Material to process:
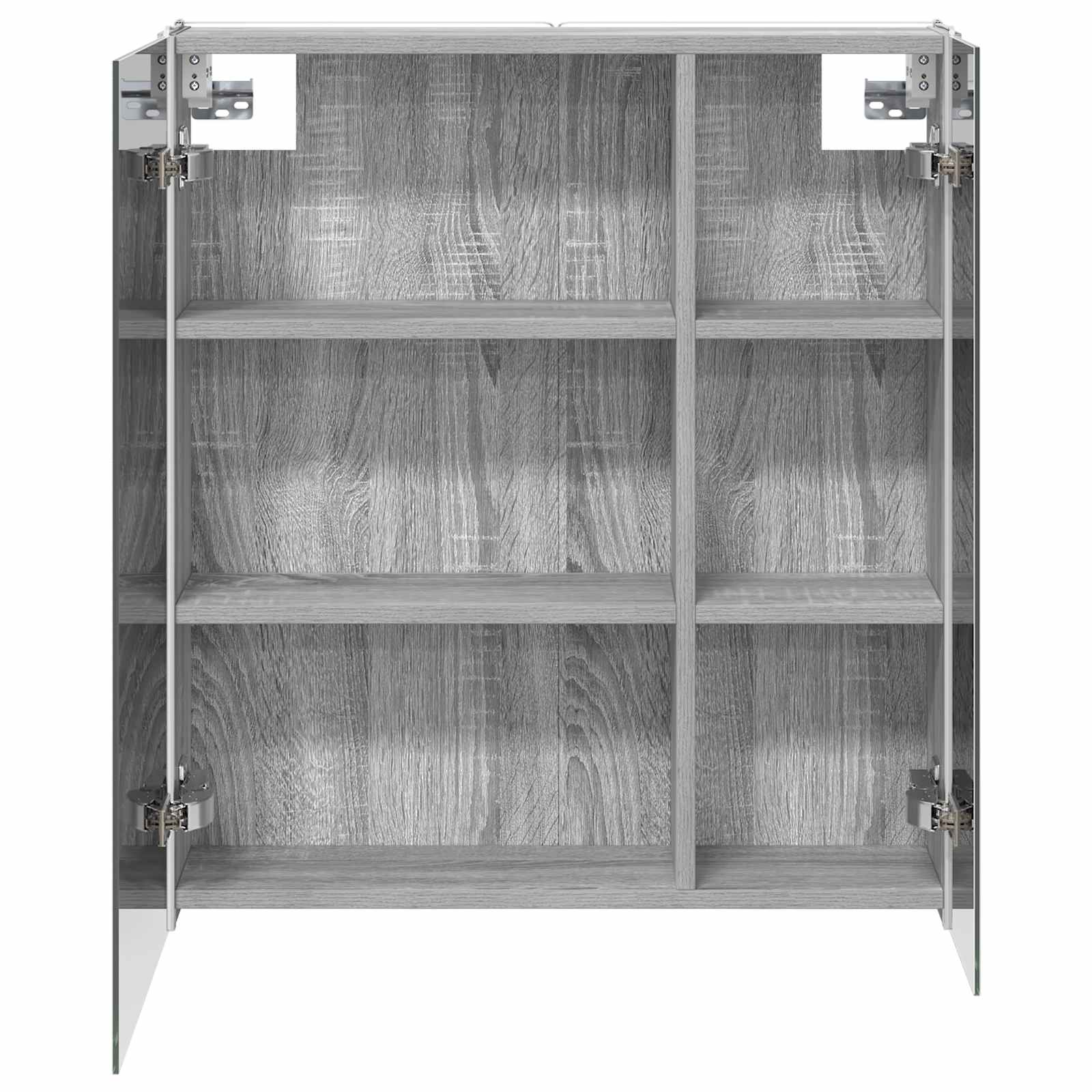 Kupaonski ormar s ogledalom Siva Sonoma 63,5 x 15,5 x 70 cm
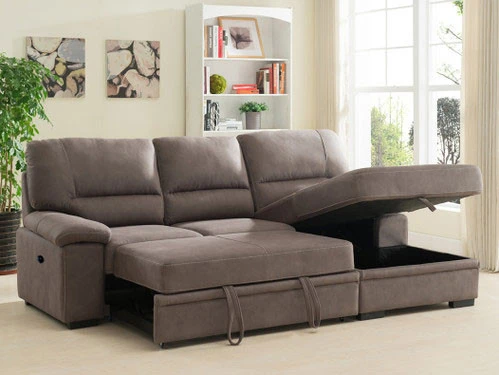 Sybil Mushroom Sleeper Sectional - Image 2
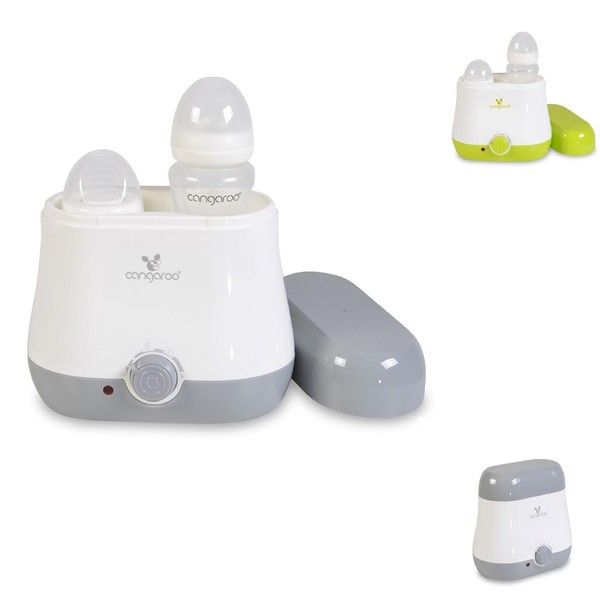 Cangaroo BabyDuo Bottle Warmer for 2 Bottles, Sterilisation of Small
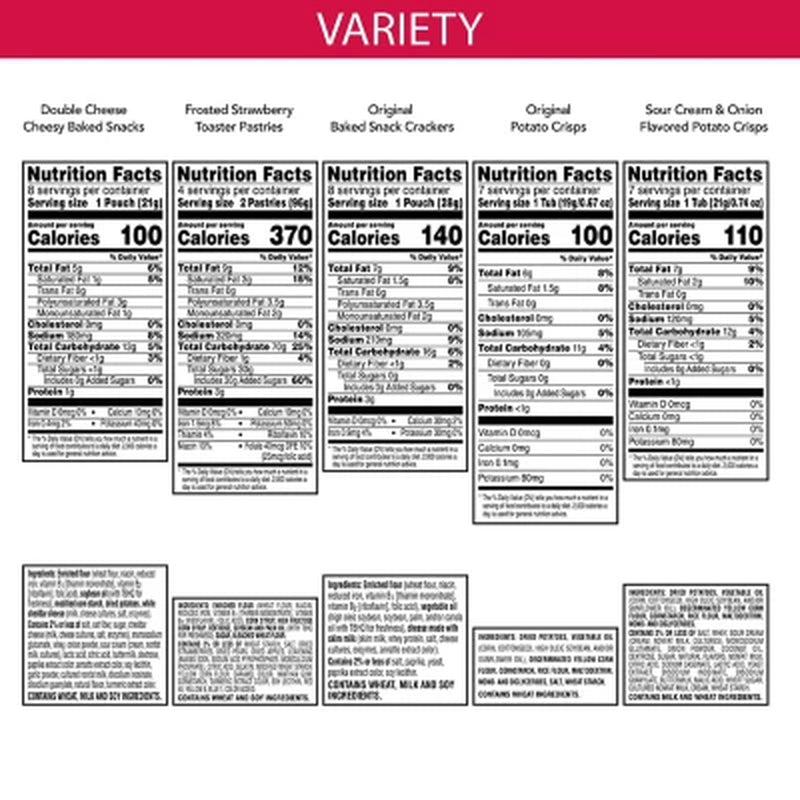 Kellogg'S Game Time Snacks, Variety Pack, 38 Pk.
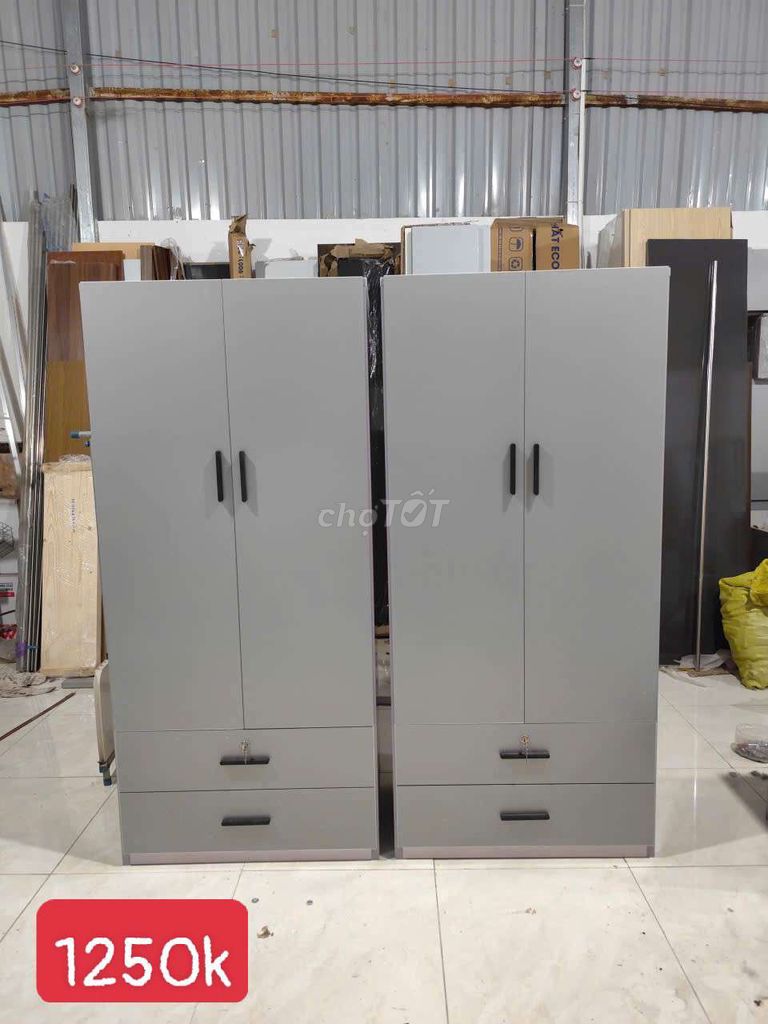 Tủ quần áo nhựa Đài Loan 2 cánh. Mua bán Tủ, kệ gia đình tại Quận 7 Tp Hồ Chí Minh được đăng bởi Nội Thất Giá Xưởng hình 1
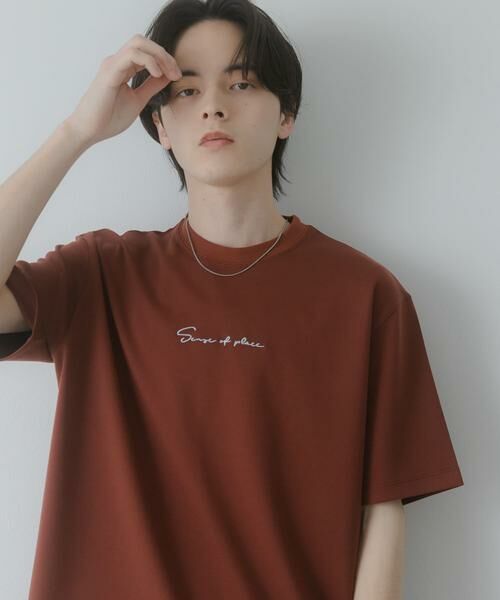 SENSE OF PLACE by URBAN RESEARCH / センスオブプレイス バイ アーバンリサーチ Tシャツ | 『一部WEB限定カラー』シシュウポンチショートスリーブTシャツ | 詳細1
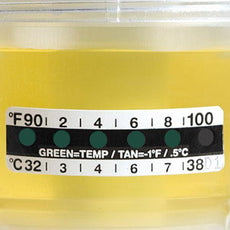 Thermometer Strips, Graduated in both Fahrenheit (90-100¬∞) and Celsius (32-38¬∞)-112215
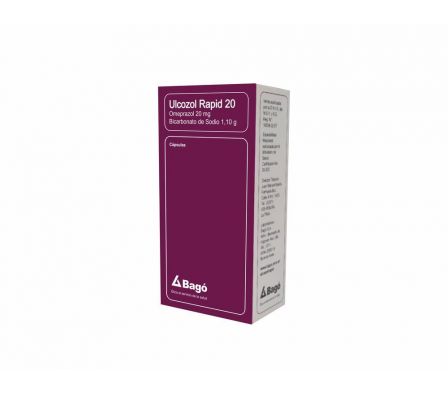 ULCOZOL 20 MG RAPID  CAJA X 28 COMPRIMIDOS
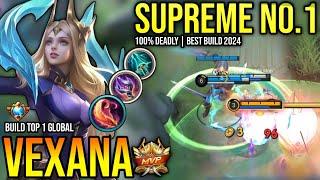 VEXANA BEST BUILD 2024  BUILD TOP GLOBAL VEXANA GAMEPLAY  MOBILE LEGENDS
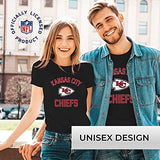 Team Fan Apparel NFL Adult Gameday T-Shirt - Cotton Blend - Tagless - Semi-Fitted - Unleash Your Team Spirit During Game Day (Kansas City Chiefs - Black, Adult Large)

What the task asks:
Copy the entries exactly. Leave the pictures out.

Finished exercise:
 Kupaonski ormar s ogledalom Siva Sonoma 63,5 x 15,5 x 70 cm
 Sybil Mushroom Sleeper Sectional - Image 2
 Cangaroo BabyDuo Bottle Warmer for 2 Bottles, Sterilisation of Small
 Kellogg'S Game Time Snacks, Variety Pack, 38 Pk.
 Tủ quần áo nhựa Đài Loan 2 cánh. Mua bán Tủ, kệ gia đình tại Quận 7 Tp Hồ Chí Minh được đăng bởi Nội Thất Giá Xưởng hình 1
 SENSE OF PLACE by URBAN RESEARCH / センスオブプレイス バイ アーバンリサーチ Tシャツ | 『一部WEB限定カラー』シシュウポンチショートスリーブTシャツ | 詳細1
 Thermometer Strips, Graduated in both Fahrenheit (90-100¬∞) and Celsius (32-38¬∞)-112215
 ULCOZOL 20 MG RAPID  CAJA X 28 COMPRIMIDOS
 VEXANA BEST BUILD 2024  BUILD TOP GLOBAL VEXANA GAMEPLAY  MOBILE LEGENDS
 Team Fan Apparel NFL Adult Gameday T-Shirt - Cotton Blend - Tagless - Semi-Fitted - Unleash Your Team Spirit During Game Day (Kansas City Chiefs - Black, Adult Large)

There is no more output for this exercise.